Md Rais Hasan Sarower is a Bangladeshi diplomat and ambassador of Bangladesh to Bahrain. He was the Director General of the Regional Organizations Wing at the Ministry of Foreign Affairs. He is a former chair of the board of governors of the Asia-Europe Foundation.

==Career==
Sarower joined the foreign service in 2001.

Sarower, as Charge d’ Affaires of the Embassy of Bangladesh in Malaysia, received the body of Arafat Rahman Koko, son of former Prime Minister Khaleda Zia, in January 2015 and quickly cleared the body for return to Bangladesh. He was the deputy chief of Bangladesh Embassy in Turkey.

Sarower is the vice-chair of the board of governors of the Asia-Europe Foundation. He was the Director General of the Regional Organizations Wing at the Ministry of Foreign Affairs.

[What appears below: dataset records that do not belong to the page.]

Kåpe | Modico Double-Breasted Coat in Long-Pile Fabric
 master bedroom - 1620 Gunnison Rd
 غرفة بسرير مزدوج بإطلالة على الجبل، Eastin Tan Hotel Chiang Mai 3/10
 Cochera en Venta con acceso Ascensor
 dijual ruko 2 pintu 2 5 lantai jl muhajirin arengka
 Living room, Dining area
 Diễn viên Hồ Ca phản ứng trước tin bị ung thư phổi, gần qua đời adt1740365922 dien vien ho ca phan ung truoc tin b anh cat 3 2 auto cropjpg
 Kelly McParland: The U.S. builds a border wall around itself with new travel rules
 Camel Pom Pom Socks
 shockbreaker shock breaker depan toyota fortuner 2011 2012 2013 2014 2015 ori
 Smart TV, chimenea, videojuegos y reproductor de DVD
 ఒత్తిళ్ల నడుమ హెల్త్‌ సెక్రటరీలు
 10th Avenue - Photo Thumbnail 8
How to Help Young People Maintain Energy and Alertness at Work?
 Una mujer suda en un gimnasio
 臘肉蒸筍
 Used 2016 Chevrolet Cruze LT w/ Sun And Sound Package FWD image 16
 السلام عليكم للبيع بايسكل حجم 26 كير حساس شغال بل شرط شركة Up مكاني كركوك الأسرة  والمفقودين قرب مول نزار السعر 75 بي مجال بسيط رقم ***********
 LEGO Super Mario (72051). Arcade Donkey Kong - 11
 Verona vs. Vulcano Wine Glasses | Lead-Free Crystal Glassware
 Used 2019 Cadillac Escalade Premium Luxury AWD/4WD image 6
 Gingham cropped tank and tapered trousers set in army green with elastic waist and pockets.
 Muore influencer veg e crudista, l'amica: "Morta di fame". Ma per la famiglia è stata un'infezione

He attended the 31st Association of South East Asian Nations Regional Forum senior officials' meeting in Vientiane, Laos where he reiterated the foreign policy Bangladesh established by Sheikh Mujibur Rahman, "friendship to all, malice towards none,".

In February 2025, Sarower presented his accreditation to King of Bahrain Hamad bin Isa Al Khalifa. He conveyed a special message from Muhammad Yunus, head of the interim government of Bangladesh.

== Personal life ==
Sarower is married to Dilruba Akhter.